Son cousin Hugo, qui avait commencé à tondre la pelouse pour le Groupe Germain à 13 ans avant d'occuper des fonctions variées en hôtellerie, a étudié le commerce à l'Université Concordia et a eu envie d'aller voir chez Krispy Kreme si son avenir s'y trouvait. Il a aussi profité de son passage en Ontario pour faire une maîtrise en administration des affaires à l'Université Queen's. En 2006, dans une carte de Noël, il a écrit à son père qu'il avait hâte de travailler avec lui. Ça tombait bien, le projet d'un hôtel ALT au Quartier Dix30 de Brossard était dans les cartons. Hugo en est devenu le directeur général.

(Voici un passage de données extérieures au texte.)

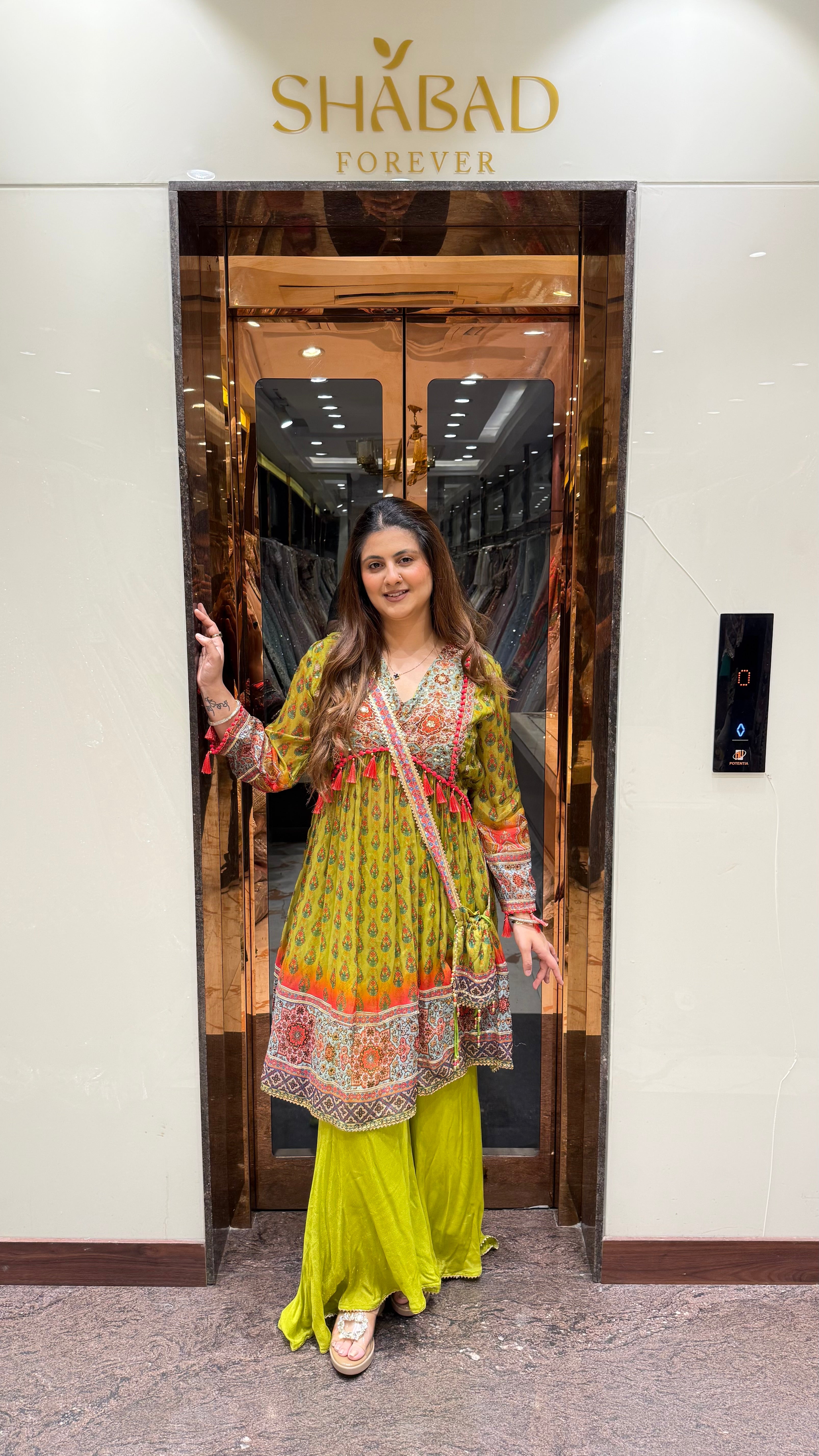 PRINTED PEPLUM KURTA WITH GHARARA & POTLI BAG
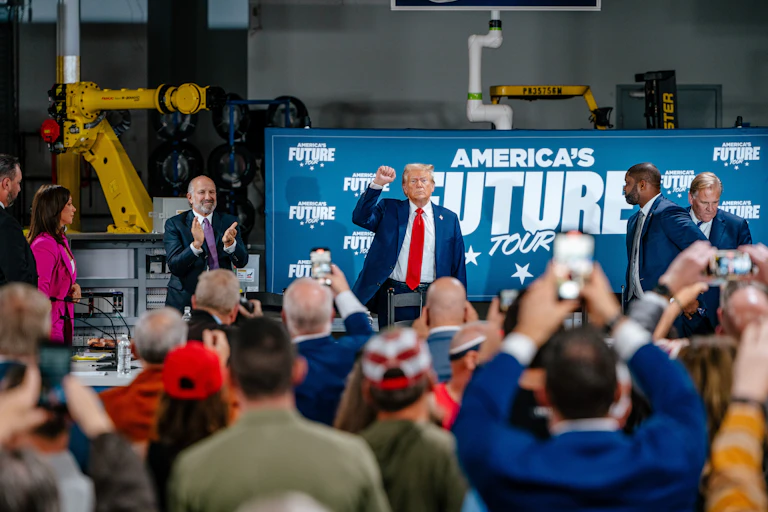 US Republican presidential candidate Donald J. Trump raises his fist for a crowd in a factory, in front of a banner that reads America's Future Tour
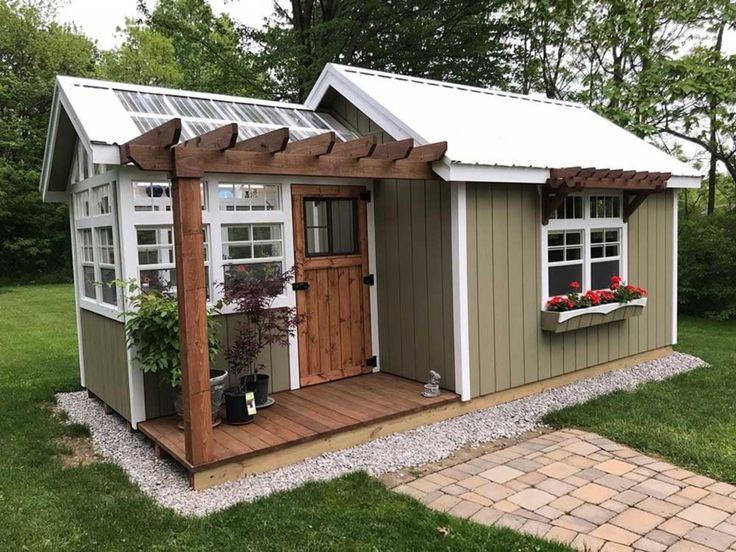 a small shed with windows and plants in it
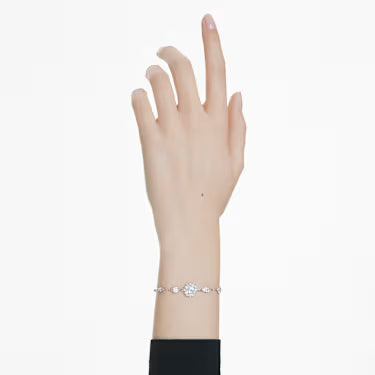 A model is wearing the Swarovski Idyllia snowflake bracelet
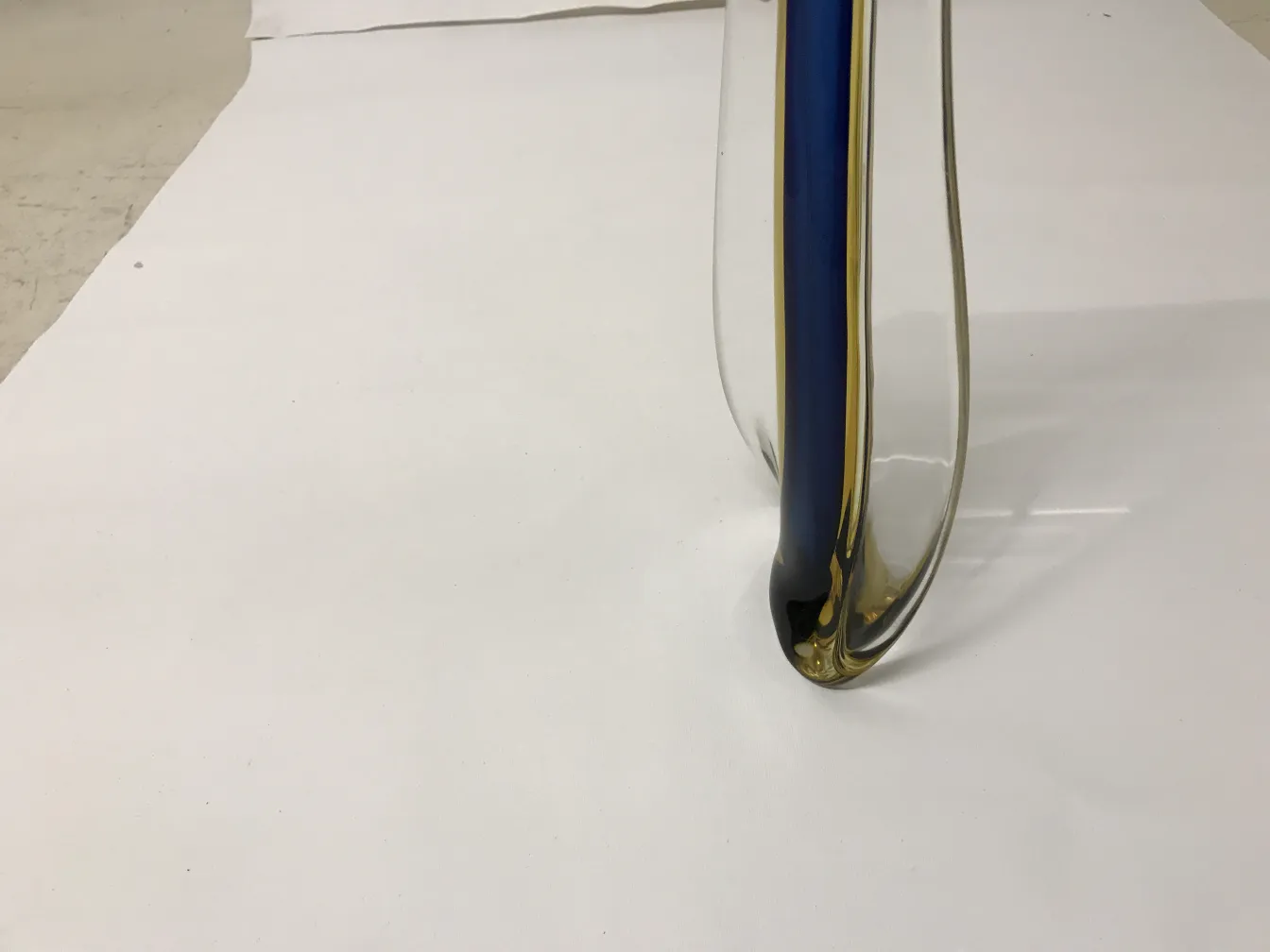 vase with a curved design and bright colors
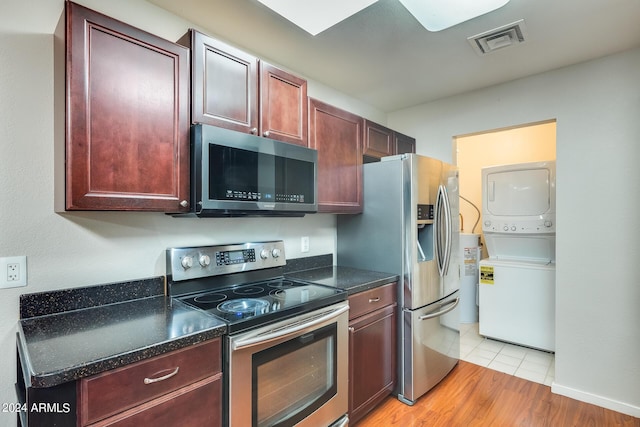 kitchen with visible vents, light wood finished floors, dark brown cabinets, stacked washer and clothes dryer, and appliances with stainless steel finishes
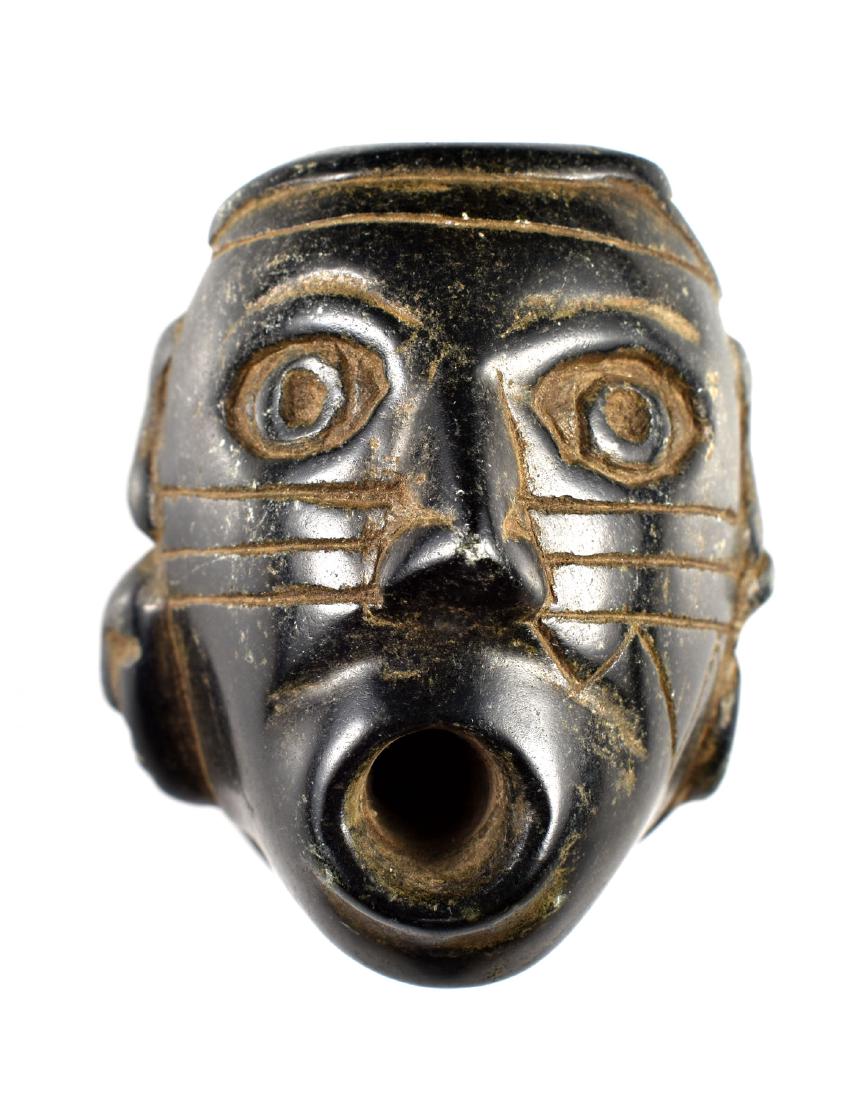PICTURED 2 3/4" Human Effigy Head Pipe: Nice example pictured on page 148 of Lar Hothem's Collector's Guide to Indian Pipes. Proto Historic example in black steatite. Likely a MicMac origin piece. Ex - Leveque Collection.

«À 28 ans, je n'aurais pas eu le pedigree nécessaire pour occuper ce poste dans une autre entreprise, mais c'était important d'amener la culture de l'entreprise familiale là-bas. Nos parents nous ont toujours donné beaucoup de corde. On peut s'étouffer avec la corde, comme on peut l'utiliser pour faire beaucoup d'expériences», dit-il.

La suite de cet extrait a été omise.